From “Night,” translation by Julian Green

 

It takes an unusual sort of person to put words in God’s mouth. Charles Pierre Peguy was a Socialist who broke with Jean Jaures over the question of France’s entry into the war. Peguy’s father had fought in the Franco-Prussian War and died from the wounds he received. But Peguy was no more a knee-jerk Nationalist than he was a card-carrying Roman Catholic. He was an ardent Dreyfusard when to defend Dreyfus was to insult the honor of French army, and by implication, the honor of France. Once he made the leap from agnosticism to belief in the Catholic religion, he wrote masterpieces like “Night” and “The Mystery of the Charity of Joan of Arc,” but he never received the sacraments. When the war broke out, Peguy was 41 and could have served in the reserves. Instead he enlisted. When Lieutenant Peguy and his regiment came under fire at Villeroy, he stood up to rally his hesitant men and was shot in the forehead. It was September 4th, the day before the opening shots of the Battle of the Marne.

 

 

Now the army leaves me alone.

Who still pays attention to me. They got used

To my strange civilian eyes long ago.

On maneuvers, I am half-dreaming.

And as we march I compose poems.

 

From “Monday in the courtyard of the barracks,” translation by Robert Levine

 

Alfred Lichtenstein hardly fit the carefully crafted Allied image of “the blonde Prussian beast.” He was both Jewish and a committed bohemian pried from his natural surroundings by war. An early adherent to Expressionism, he created a fictional alter-ego, the hunchbacked poet Kuno Kohn to air his most personal feelings, feelings perhaps not suited to his “day job” as a Doctor of Law in Wilhelmine Germany. Lichtenstein didn’t live long enough to provide much of a biography. Shortly before the war he was involved in a minor literary fracas when certain critics accused him of copying the style of Jakob van Hoddis, one of the fountainheads of the Expressionist movement. Expressionist was at least a partial heir to the older school of German Romanticism and Lichtenstein represented the “Black” side of the movement with much of its angst and little of  its idealism. In keeping with his downbeat outlook, Lichtenstein didn’t especially want a war for glory, but when it came he went and fought and died on September 25th near Vermandovillers.

 

 

In my opinion, art does not come from the will, nor as Schonberg says, does it come from necessity; it comes from ability….

 

August Macke, quoted in August Macke 1887-1914 by Anna Meseure

 

It seems as if World War I was designed to eradicate the German Expressionist movement. One day after the death of Alfred Lichtenstein, a minor poet of the movement, the war claimed one of its major talents, the artist August Macke. Coming of age during a period of extreme ferment in the arts, Macke did what many another young artist would do—cycling in turn through Impressionism, Symbolism, Fauvism, Cubism, Futurism and Orphism before finding his true vision—an art that straddled the abstract and the figurative, producing what looked almost like stained glass; an impersonal art in which faceless figures moved through garden, parks and city streets. It was a unique vision of an artist’s Eden in which Form took on aspects of Music. If you flip through any book of Expressionist Art, you can pick out Macke’s paintings immediately. They don’t resemble anyone else’s.
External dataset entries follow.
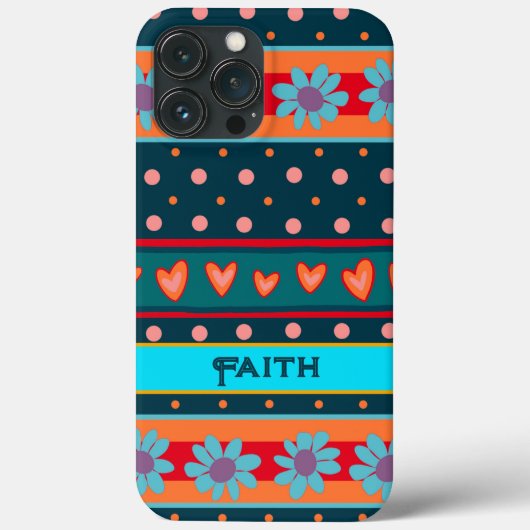 名前パーソナライズされたフローラカラフルおもしろい Case-Mate iPhoneケース (裏面)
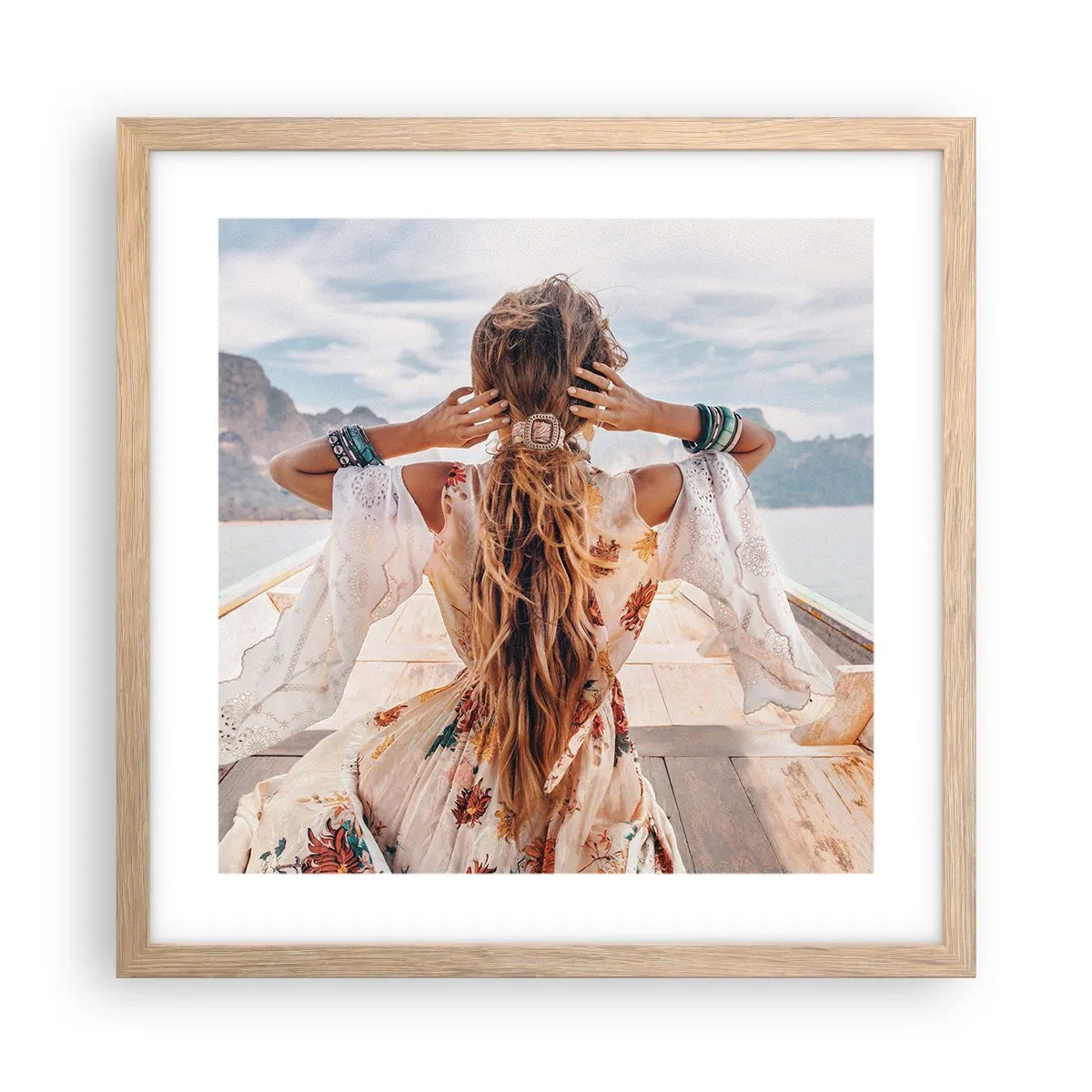 Plagát v ráme zo svetlého duba - Na ceste ku šťastiu - 40x40 cm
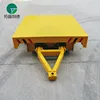 Heavy load metal pipe handling rail guided transfer trolley towed by powered equipment
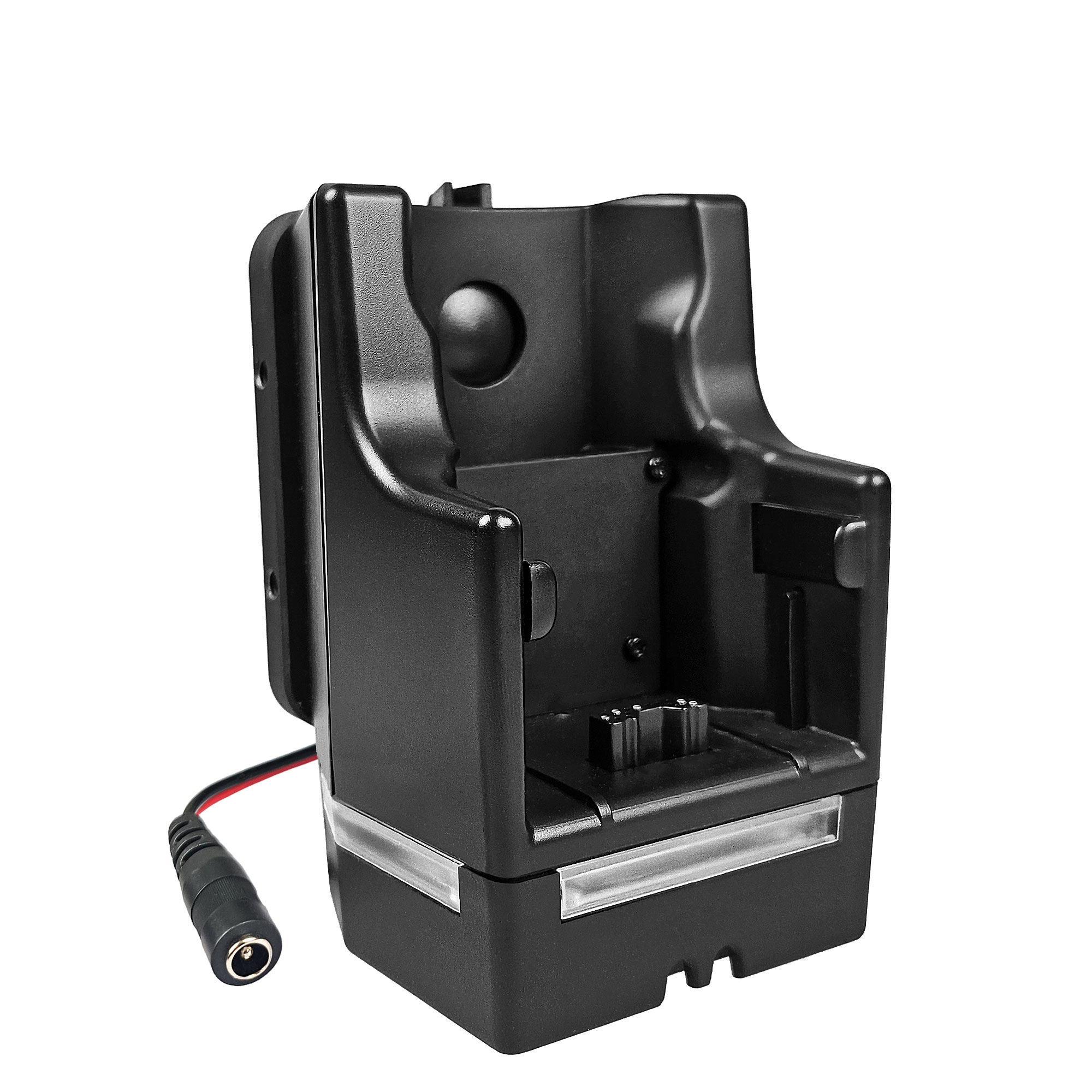 Black plastic mount with cable and connector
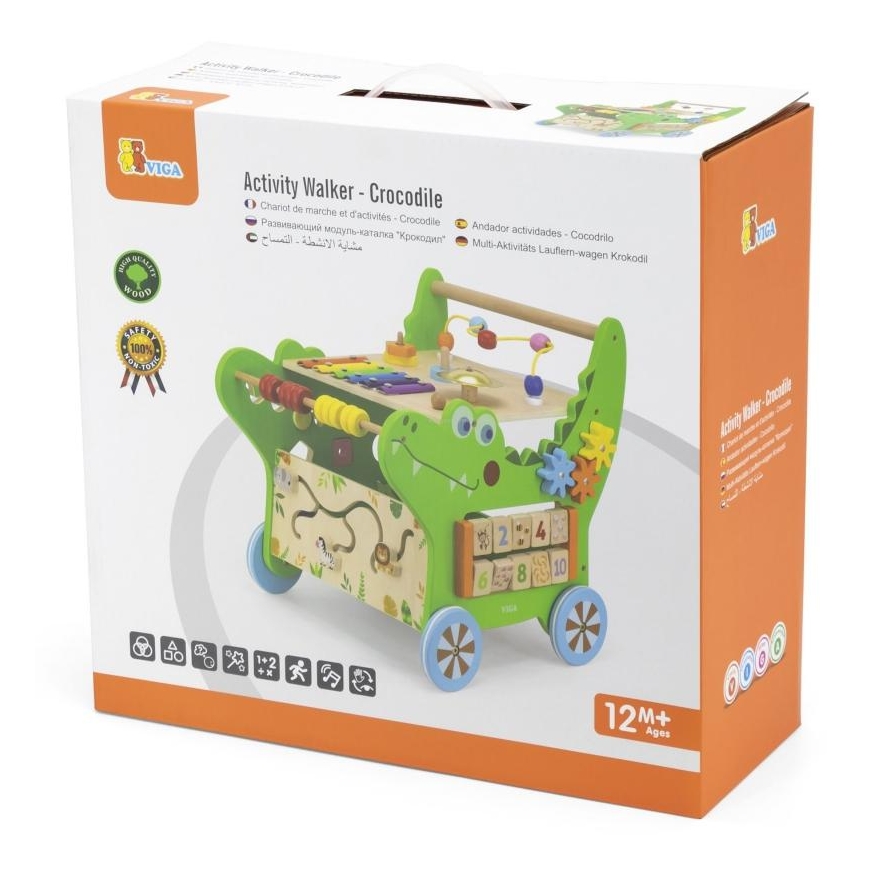 Vigan Viga Toys VIGA Wooden Educational Pusher Crocodile 12in1 – 4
Although Macke’s fellow artists, especially his friend Franz Marc who like Macke was a member of the Blue Rider Group, sensed the coming apocalypse, Macke worked on in a happy Eden of his own devising. Called to the colors on August 8th, Macke seems not to have had a difficult time adjusting to military life. He was made a lieutenant and, on September 20th was awarded the coveted Iron Cross. Everything seemed to come easy for Macke, whose motto could well have been “No sweat.” But his charmed life ended on September 26th when he fell in action near the village of Perthes-les-Hurles. He was 27years old and German art has never recovered from his loss.